All 99 samples were profiled by targeted sequencing with a panel of nine of the most common driver genes [EGFR, ALK, ROS1, BRAF, MET, RET, ERBB2, KRAS and tumor protein 53 (TP53)] in NSCLC. A total of 38 out of 40 (95.0%) tissue samples and 38 out of 59 (64.4%) ctDNA samples exhibited at least one genetic alteration. TP53 was the most commonly mutated gene (56.6%), followed by EGFR (36.8%). Compared with TCGA data, significantly more somatic mutations were observed in EGFR and ERBB2 (P<0.001), and significantly fewer mutations in TP53 (P=0.045) were identified among the cohort of Chinese patients with NSCLC (Table II). Although the KRAS mutation rate according to TCGA was higher than that of the cohort in the present study, no significant difference was observed (P=0.179; Table II). Further analysis demonstrated that the frequency of TP53 alterations was markedly higher in SC than in AD (P=0.009; Table III), and the frequency of EGFR alterations was associated with being female, AD and non-smokers (P<0.001, P=0.001 and P<0.001, respectively; Table III). KRAS alterations were more likely to occur in male patients and smokers, although no statistically significant differences were observed (P=0.086 and P=0.105, respectively). ERBB2 alterations were more frequently observed in non-smokers (P<0.001). Furthermore, in the present study, no ERBB2 alterations were observed in patients with localized NSCLC, and statistical analysis revealed that ERBB2 alterations were potentially associated with metastatic stage in NSCLC (P=0.108; Table III).
Table II.Frequency of somatic mutations among patients with non-small cell lung carcinoma in the present cohort and TCGA cohort. |
Overall, 50.5% (50/99) of the patients with NSCLC harbored at least one targetable alteration (data not shown). Regarding pathological type, the frequency of the targetable alterations between patients with AD (63.8%) and SC (30.6%) were significantly different (P=0.002; Table IV). The landscape of genomic mutations demonstrated that an EGFR mutation was seen alongside each other gene (MET, ERBB2, KRAS and ALK) mutation in only one patient each (1%). In addition, the present study demonstrated that EGFR amplification coexisted with EGFR mutations, including SNVs and INDELs, but was mutually exclusive with the EGFR T790M mutation. Furthermore, no patients with concurrent ERBB2 mutation and amplification were observed. All four patients that possessed the EGFR T790M mutation also harbored other EGFR mutations (Fig. 1). To investigate the patterns of concurrent alterations and mutual exclusivity, pairwise associations between somatic events were examined. Mutual exclusivity was observed between alterations in EGFR and TP53 [odds ratio (OR)=0.324; P=0.020; Table V] and between those in EGFR and KRAS (OR=0.091; P=0.008) in patients with NSCLC. Furthermore, potential mutual exclusivity between EGFR and ERBB2 alterations was also observed, but this was not statistically significant (OR=0.161; P=0.059; Table V).
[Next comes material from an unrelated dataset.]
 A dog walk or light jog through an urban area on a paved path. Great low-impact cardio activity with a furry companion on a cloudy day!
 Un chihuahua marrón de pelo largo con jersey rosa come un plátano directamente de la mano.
Comparison of the frequency of genomic variants between tissue and ctDNA samples
In order to investigate the use of ctDNA sequencing, the present study compared the prevalence of genomic alterations, including non-synonymous SNVs, CNVs and rearrangements, between tissue and ctDNA samples. Overall, there were marked similarities in the frequency of variants when comparing the tissue and ctDNA samples (Fig. 2A). Further analysis indicated that the prevalence of alterations among the most common NSCLC driver genes in ctDNA was positively correlated with that observed in tumor tissues (r=0.812; P=0.022; Fig. 2B).
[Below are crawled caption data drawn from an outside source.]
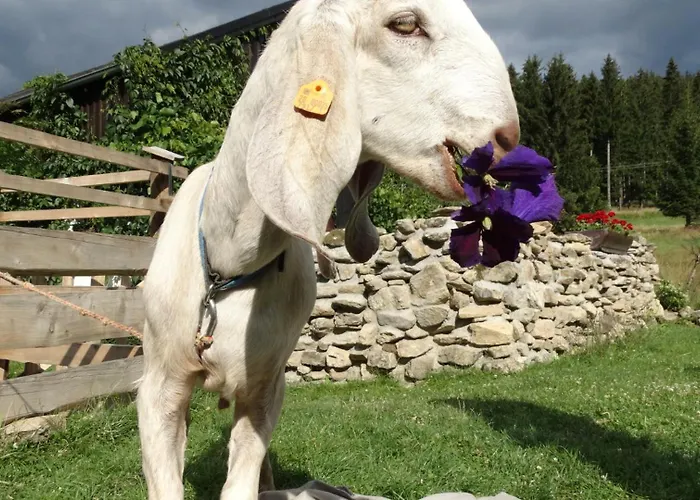 Przyjacielowka Ekstra -miejsce Ciszy Sienna (Klodzko)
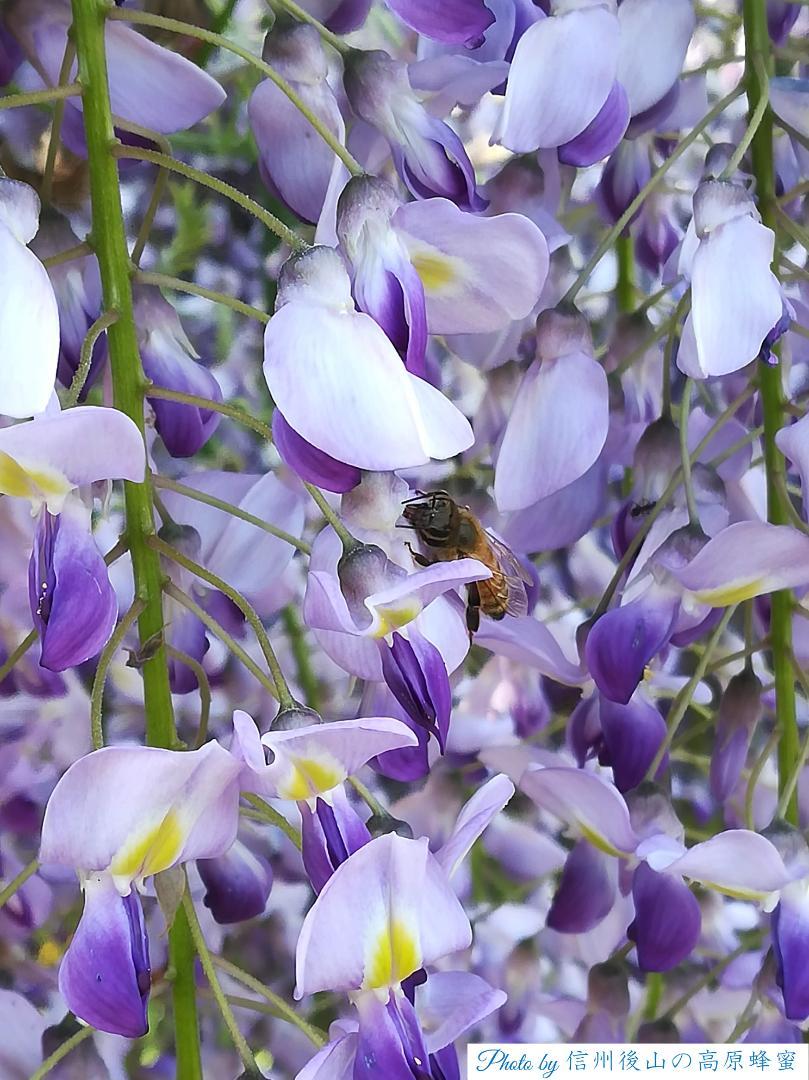 国産蜂蜜 百花蜜 1000g 2本 長野県産 生はちみつ 純粋ハチミツ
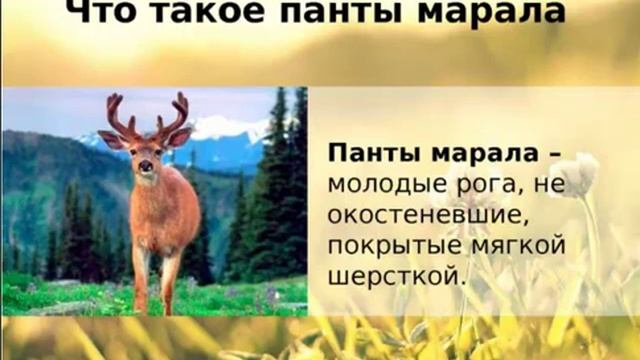 Уход за кожей в летний период. Советы от Батэль
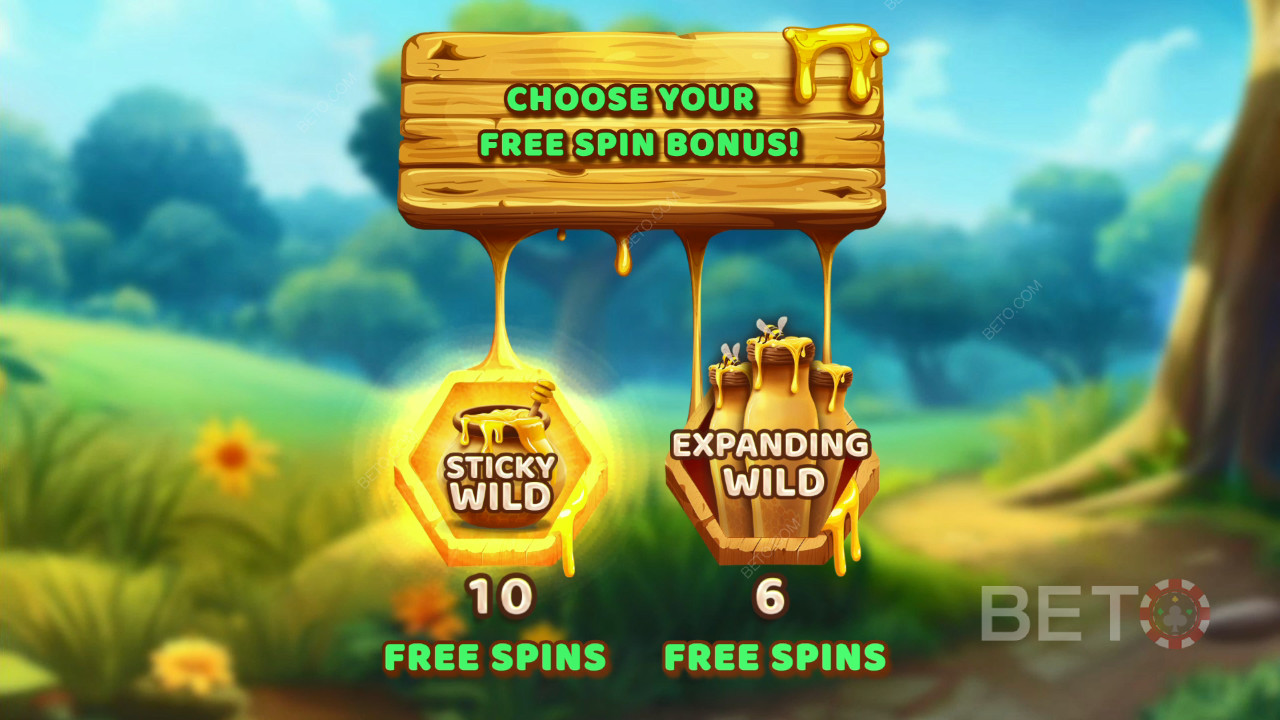 Motyw i projekt: Bee Adventure Quest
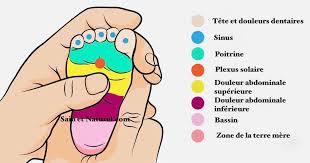 Also, martial artists regularly massage their own acupressure points in routines to remove supposed. Reflexologie Plantaire Pour Calmer Un Bebe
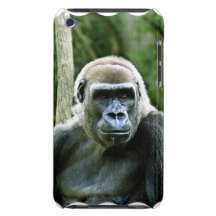 Gorilla Profile iTouch Case iPod Touch Cases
Association between EGFR and TP53 mutant allele frequencies (MAFs)
Evolutionary studies of NSCLC have demonstrated that TP53 and EGFR mutations are the two most dominant clonal mutations (26); thus, the present study hypothesized that there may be a correlation between the MAFs of TP53 and EGFR in individual patients. As expected, a significantly linear relationship was observed (r=0.773; P=0.005; Fig. 3A). However, when the MAFs of TP53 and KRAS were compared, no linear correlation was identified (r=0.700; P=0.233; Fig. 3B). In addition, the present study observed significant differences in the MAF of EGFR between patients with and without TP53 mutations (P=0.001; Fig. 3C). By contrast, no clear difference in the MAF of TP53 was observed between patients with and without EGFR mutations (P=0.122; Fig. 3D).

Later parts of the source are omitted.